Repeat exactly the lines of the material below that run from the "Warga Kota Palembang  melaksanakan" line to the "Urgent Sell! Westgate" line, including both, and do not carry over any pictures.

### INFORMATION GIVEN
=== Begin Enclosure ===
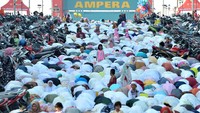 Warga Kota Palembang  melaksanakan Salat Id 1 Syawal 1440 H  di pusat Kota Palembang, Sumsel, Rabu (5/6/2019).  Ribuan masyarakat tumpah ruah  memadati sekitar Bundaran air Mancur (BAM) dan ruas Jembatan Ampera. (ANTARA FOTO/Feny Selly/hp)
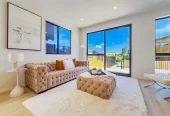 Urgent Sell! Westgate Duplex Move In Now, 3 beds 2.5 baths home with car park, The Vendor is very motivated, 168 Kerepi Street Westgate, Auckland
=== End Enclosure ===
=== Begin Enclosure ===
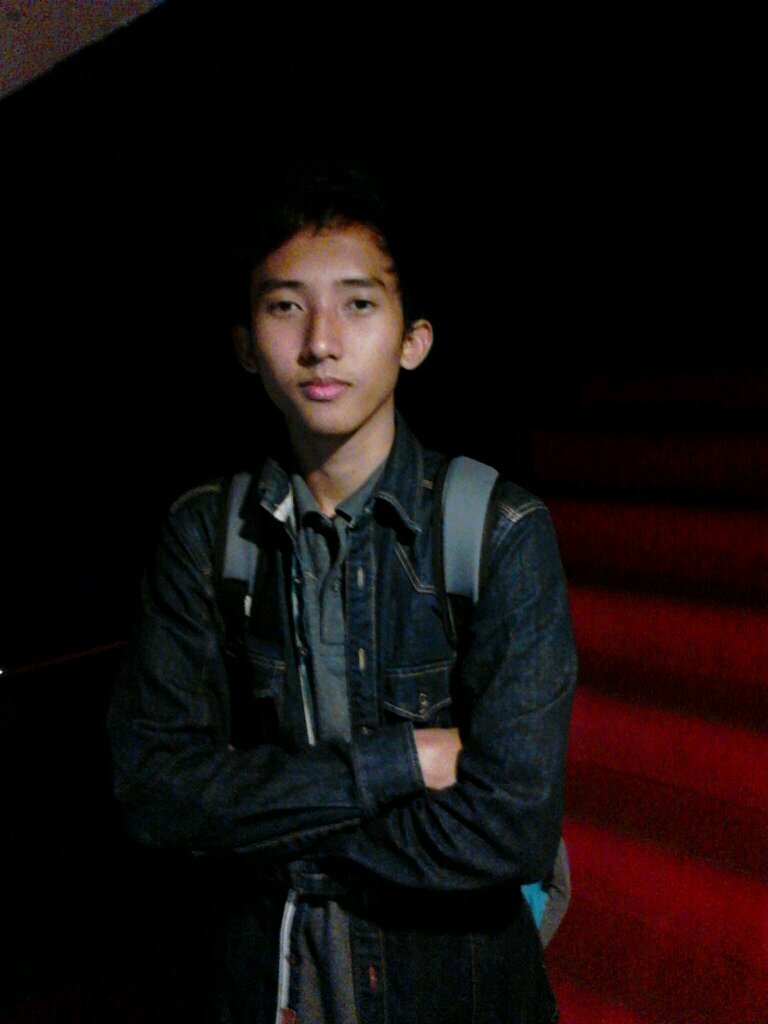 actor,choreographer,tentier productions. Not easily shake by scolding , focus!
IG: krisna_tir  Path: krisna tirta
=== End Enclosure ===
### WRITTEN ANSWER
 Warga Kota Palembang  melaksanakan Salat Id 1 Syawal 1440 H  di pusat Kota Palembang, Sumsel, Rabu (5/6/2019).  Ribuan masyarakat tumpah ruah  memadati sekitar Bundaran air Mancur (BAM) dan ruas Jembatan Ampera. (ANTARA FOTO/Feny Selly/hp)
 Urgent Sell! Westgate Duplex Move In Now, 3 beds 2.5 baths home with car park, The Vendor is very motivated, 168 Kerepi Street Westgate, Auckland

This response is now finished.